Screening and treatment programme to identify the 71 million Africans with chronic infection are vital to reduce the morbidity and mortality of viral hepatitis and reaching the WHO impact targets. Of the 30 highest burden countries, only eight have established screening and treatment programmes most of which are small scale implementation projects in specialist centres.
Despite the availability of highly effective generic antiviral therapy for hepatitis B and C, only three countries are implementing a government-led public health approach and making significant progress towards the GHSS 2020 and 2030 target.

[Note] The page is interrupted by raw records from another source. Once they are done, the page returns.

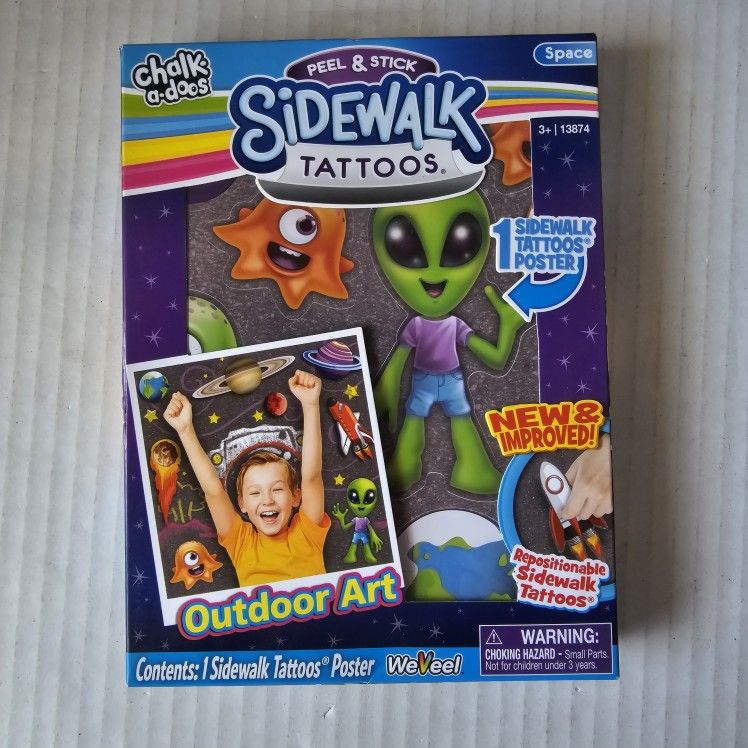 Peel & Stick Space Sidewalk Tattoos NEW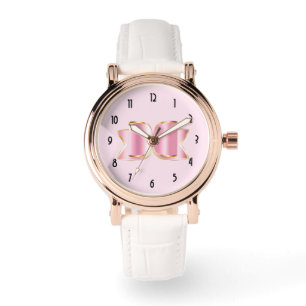 Reloj De Pulsera Glam Bow rosa con piedra angular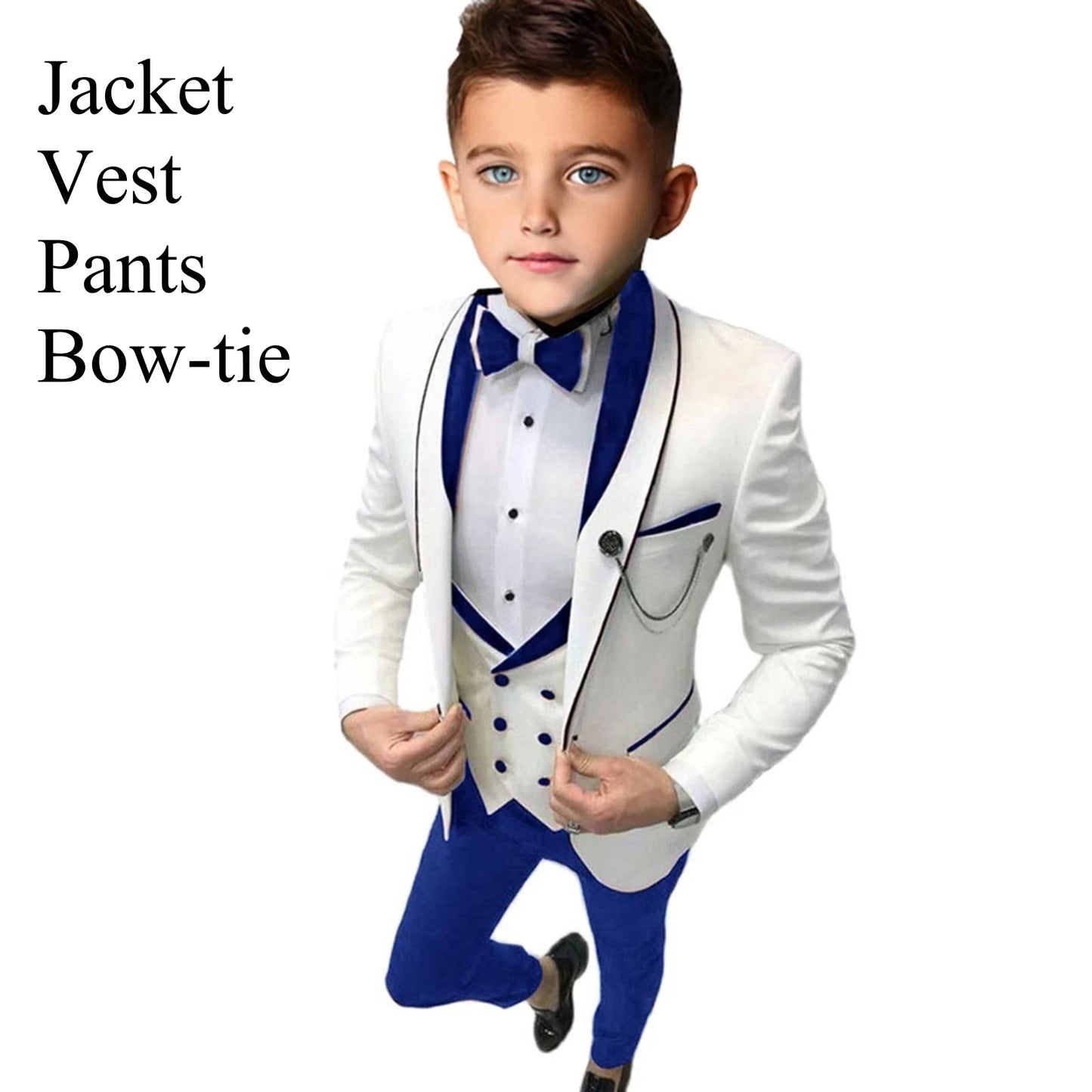 AMEHE Boys’ Paisley 4-Piece Suit – Blazer, Vest & Pants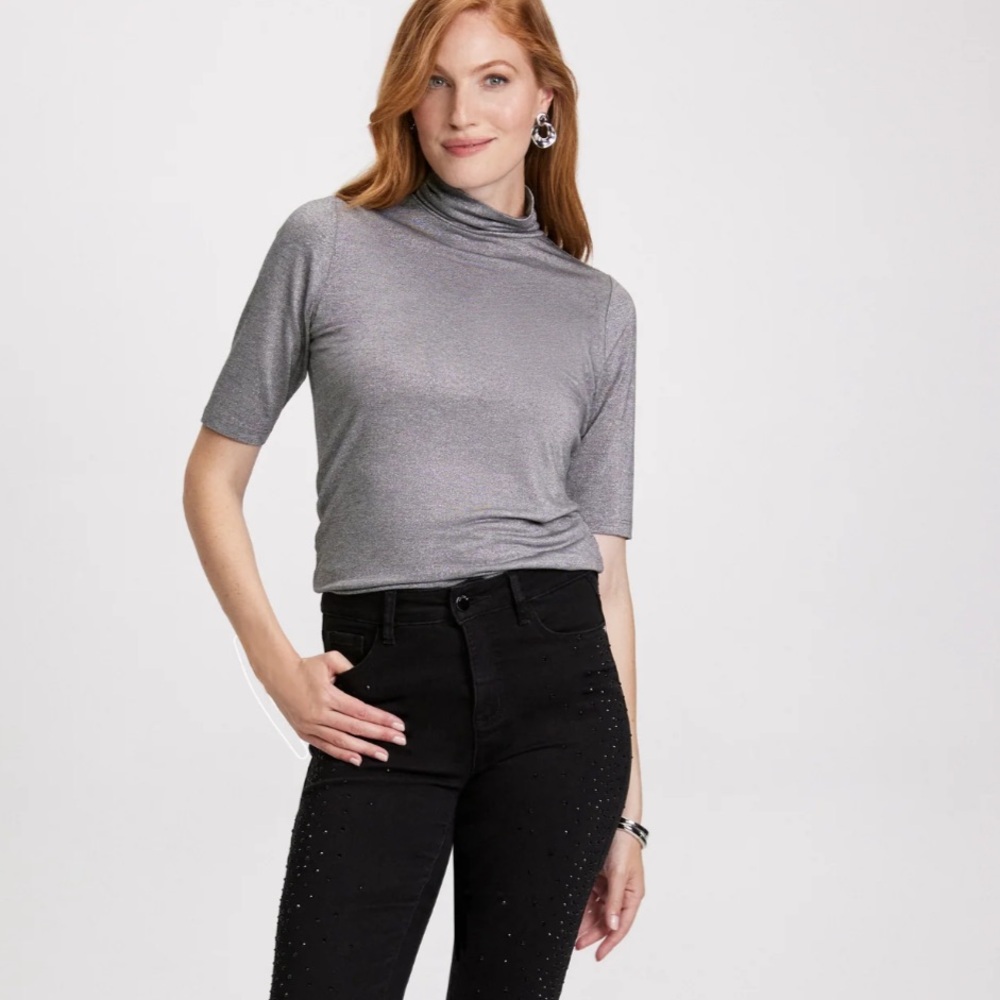 Laura Metallic Knit Turtleneck Top Silver Grey
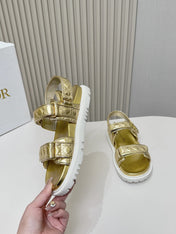 DIOR BACK-STRAP SANDALS 25S IN GOLD CALFSKIN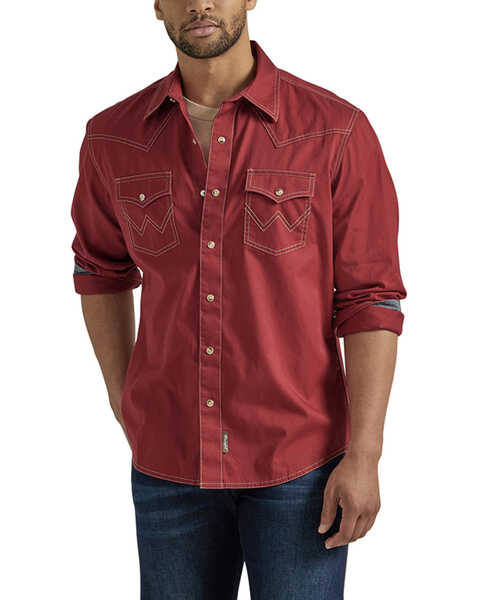 Wrangler Retro Men's Premium Solid Long Sleeve Snap Western Shirt , Dark Red, hi-res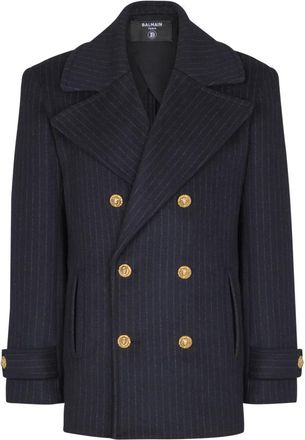 Balmain Hombre, Abrigos, Azul, Talla: L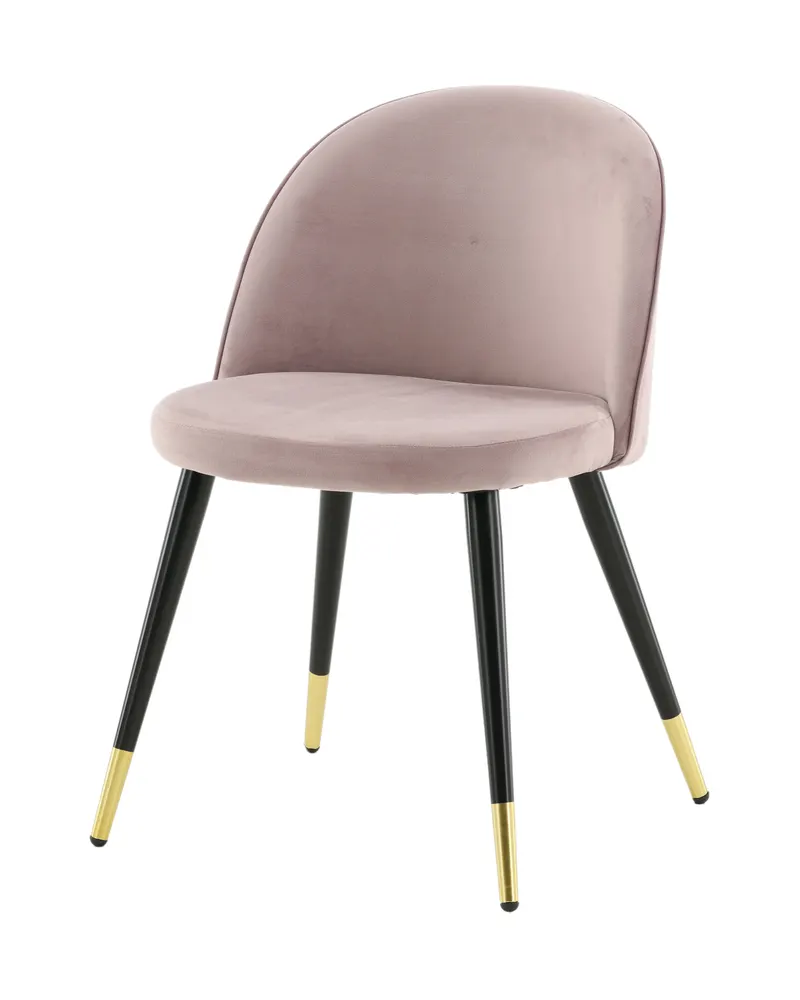 Velvet gepolsterte Esszimmerstühle im 2er-Set in Altrosa, Gestell Schwarz, Polyester-Samt, Ansicht 2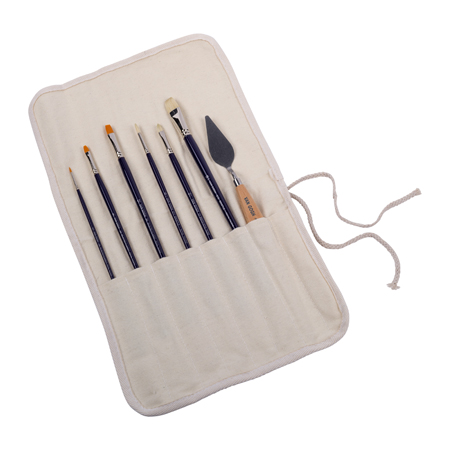 Talens Van Gogh - canvas brush case - set of 6 brushes + 1 knife for acrylic and oil paints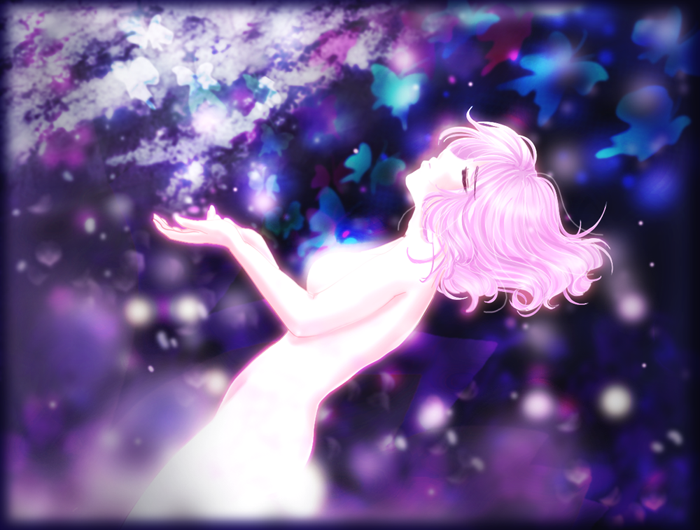 butterfly, closed_eyes, eyes_closed, gatsukyo_saki, no_hat, nude, pink_hair, profile, sad, saigyouji_yuyuko, short_hair, solo, touhou, tsukiori_sasa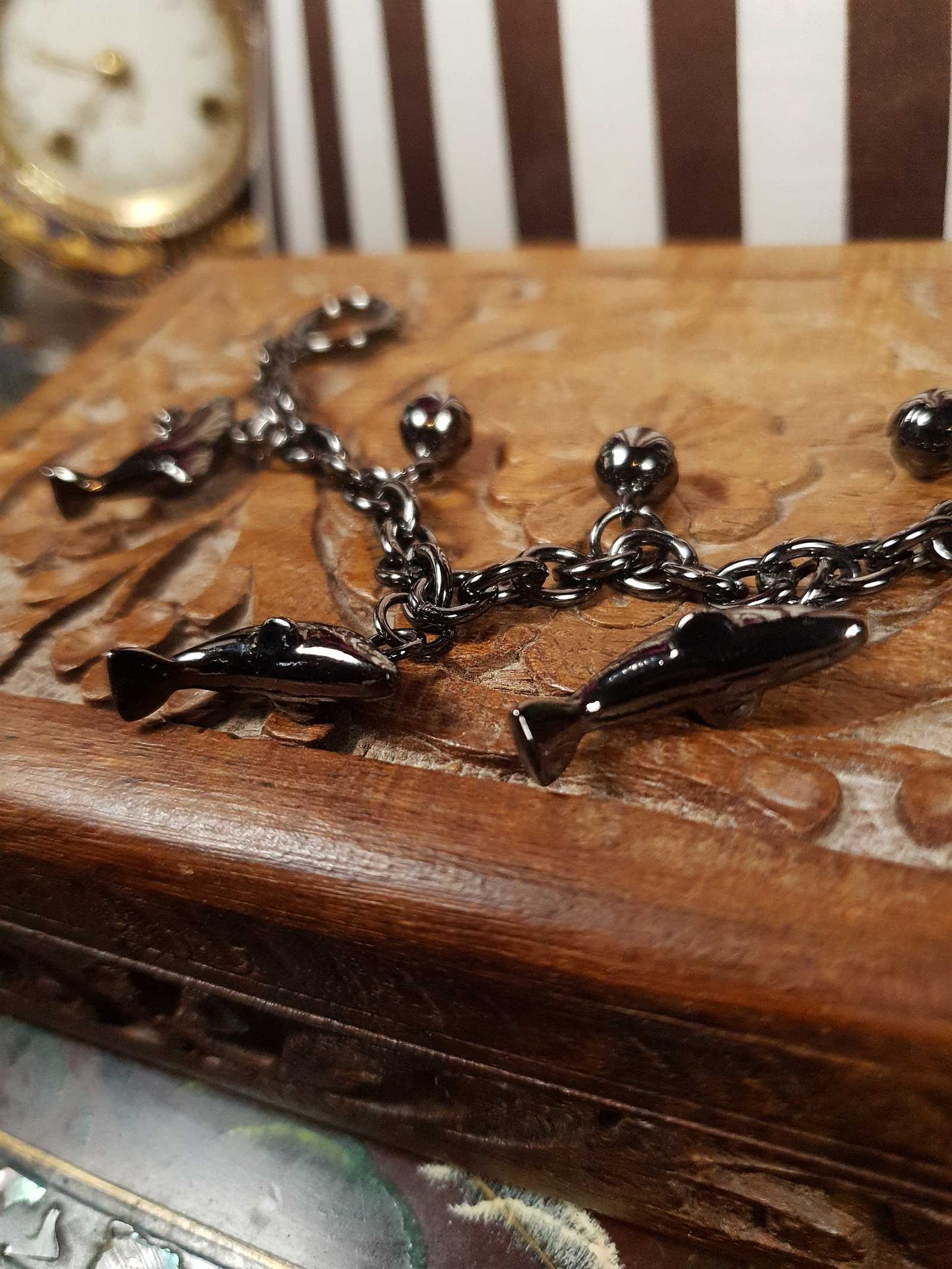 Vintage Sterling Silver Dolphin Charm Bracelet Bells Gun Metal Grey 925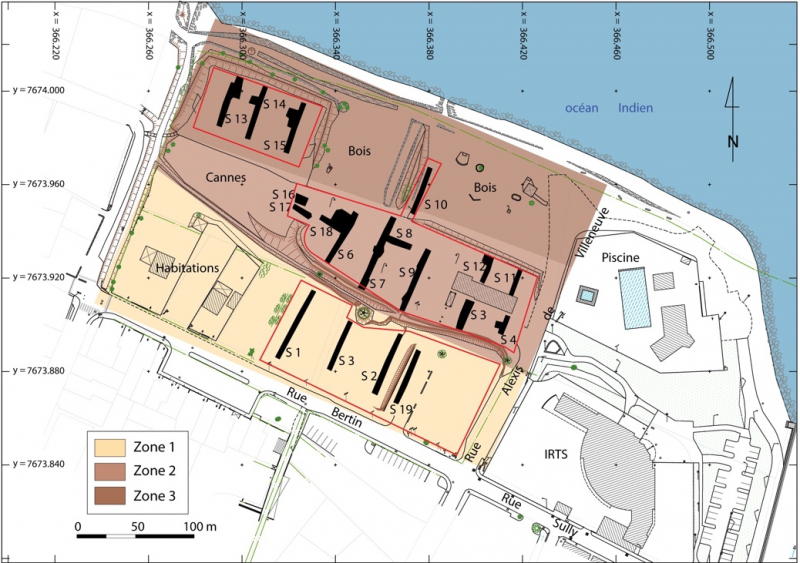 Fig. 10 : Les trois zones du site de la rue Bertin à Saint-Benoît avec l’implantation des sondages archéologiques sur chacune d’entre elles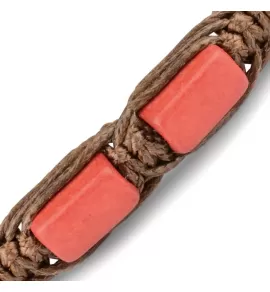 Плетеный браслет в стиле Шамбала Everiot Select LNS-2056 из красных керамических бусин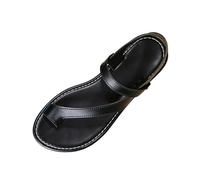 AMhomely Women's Flat Slide Sandals, Toe Ring Sandals Women Slide, Adjustable Hook and Loop Ankle Straps Shoes, Fashion Open Toe Slip On Shoes for Party Wedding Evening Going Out Dating A Black 5.5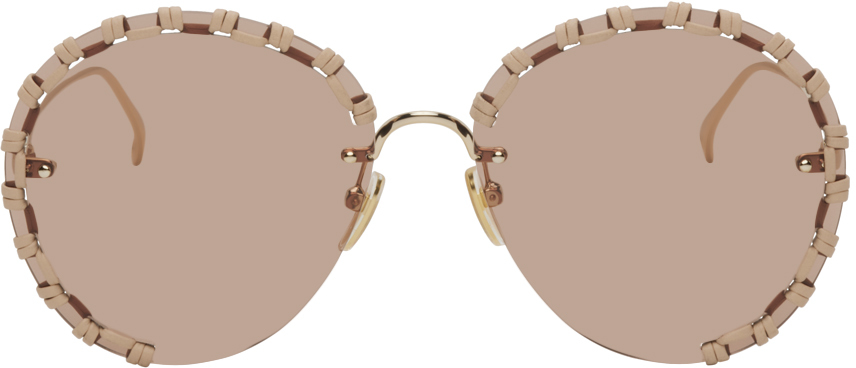 Chloé Gold Braided Sunglasses In 002 Gold/gold/brown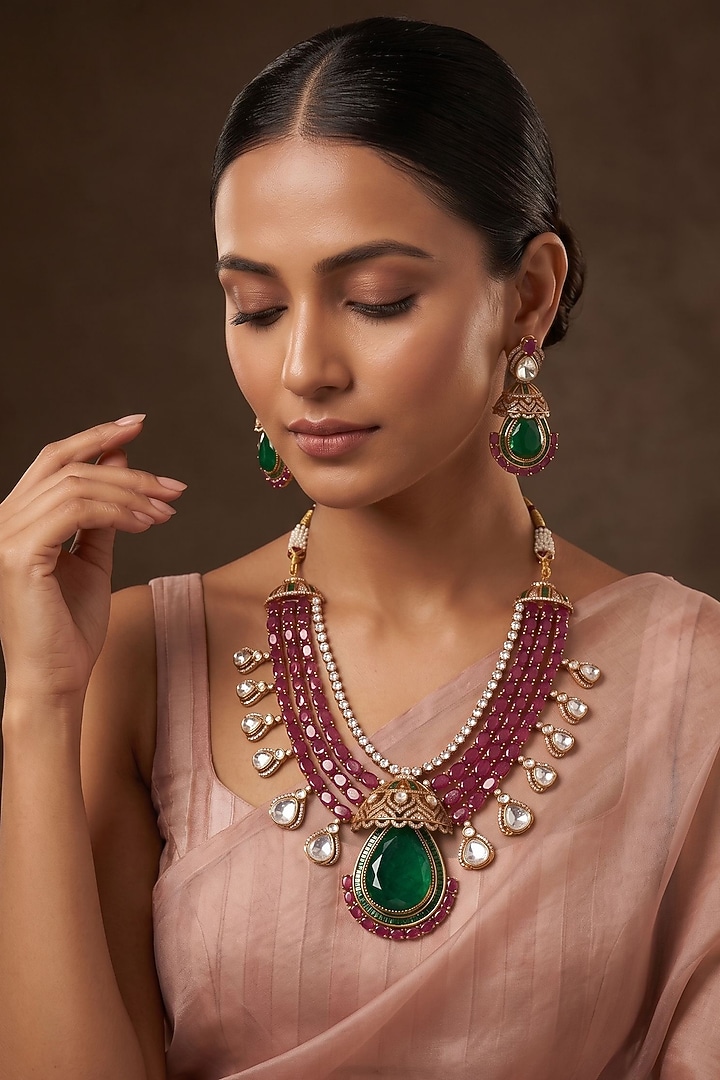 Gold Finish Ruby Doublet Kundan Polki & Green Stone Necklace Set by Beryachi at Pernia's Pop Up Shop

Some of the significant barriers to mounting an effective African response to viral hepatitis include poor community and political awareness, inadequate data for decision making and advocacy, limited access to affordable diagnostics and drugs and inadequate financing and lack of trained health workforce.
This scorecard takes a closer look at the progress of countries in Africa towards these targets.
Since 2015, the WHO Regional Office for Africa has also contributed to advancing the regional hepatitis response with the ultimate goal to save the lives of 6 million people living with viral hepatitis in the region by 2030. Some of the achievements to date include providing support tailored to the needs of individual countries and includes promoting the development of evidence-based national action plans aligned to country characteristics, development of normative guidance and treatment guidelines and coordinating hepatitis surveillance and data to facilitate regional and global hepatitis reporting.
WHO is also promoting regional awareness by supporting national commemorations of World Hepatitis Day (July 28), capacity building and high-level meetings such as the African Hepatitis Summit.
(1) WHO Progress report on HIV, Viral hepatitis and sexually transmitted infections, 2019.
(2) Global Health sector strategy on viral Hepatitis 2016-2021, towards ending viral hepatitis.
(3) Prevention, care and treatment of viral hepatitis – a framework for action.